Wussten die Menschen früherer Zeitepochen eher mehr, oder eher weniger über die Seele/über "Psychologie" als wir?
Hi liebe Community,
ich lese gerade das christliche Buch "Pilgerreise" (1678) des englischen Autors John Bunyan. Bunyan lebte im Barock, und hatte als 17jähriger im 30jährigen Krieg gekämpft. Als er mit 20 Jahren heiratete, war er so arm, dass er und seine Frau nur einen einzigen Teller und einen Löffel besaßen, womit sie immer gemeinsam aßen. Er war Kesselflicker von Beruf und hatte kaum Schulbildung. Nebenbei war er Baptistenprediger, wurde als solcher von der anglikanischen Staatskirche verfolgt und verbrachte 12 Jahre im Gefängnis. Seine Tochter war blind.
Ich bin erschüttert und zutiefst berührt über die Großartigkeit seines Werkes und habe, obwohl ich Theologie und andere Geisteswissenschaften studiert habe und einen christlichen Bücherladen geleitet habe, noch nie etwas Vergleichbares gelesen. Für mich ist nun die "Pilgerreise" das zweitbeste christliche Buch direkt nach der Bibel. Ich hatte ständig Gänsehaut pur beim Lesen.
Es ist sehr tiefgründig, gleichermaßen aber auch bodenständig, entwickelt eine hochsensible und diffizile Psychologie der menschlichen Seele, die ich diesem Zeitalter nicht zugetraut hätte, und bringt das Evangelium so klar und strikt, aber auch lyrisch-"romantisch", liebevoll, warmherzig, humorvoll, ausbalanciert und dabei hochaktuell auf den Punkt, wie kaum ein anders christliches Buch.
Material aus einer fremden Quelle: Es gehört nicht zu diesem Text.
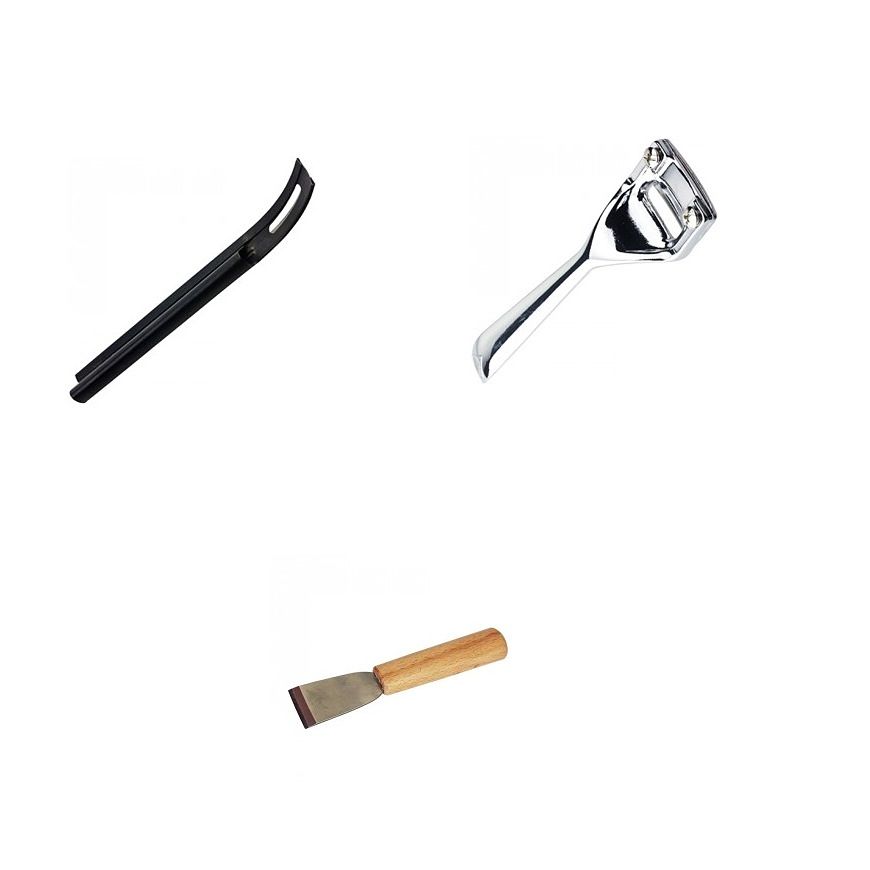 Les couteaux a parer le cuir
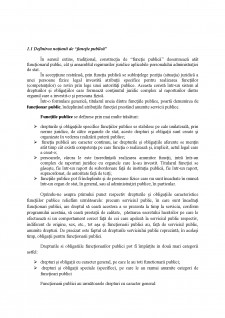 Drepturile și obligațiile funcționarilor - Pagina 2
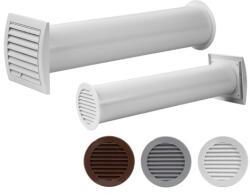 EUROPLAST SPK fali légbeeresztő szett - 150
Und dies alles im Jahre 1678. -Natürlich weiß ich, dass z.B. Antike und Mittelalter die bedeutsamsten Philosophen hervorgebracht haben - aber eben Philosophen, nicht Psychologen. Ich dachte immer, der Mensch der damaligen Zeitepochen hätte einen viel zu harten Überlebenskampf gehabt, um viel auf die Mechanismen und feinen Verästelungen der Seele achten zu können; ich dachte, Geisteswissenschaft damals wäre mehr überhöhte, am Menschen vorbeigehende Abstraktion gewesen. - Shakespeare war ein Zeitgenosse Bunyans. Bertold Brecht hat Shakespeare, bei aller Genialität, eine schlampige Psychologie in seinen Dramen vorgeworfen.
Auf der anderen Seite, war das Leben damals viel existenzieller. Schon Kinder sahen ständig Tote und viel Elend und Leid, und wussten, dass auch sie vielleicht nicht alt werden würden. Ob das eine Intuition herausbildet, die wir heute nur in Universitätsstudien nachvollziehen?
Jedenfalls, was meint Ihr? Wusste man damals eher mehr oder eher weniger über die Psyche als heute?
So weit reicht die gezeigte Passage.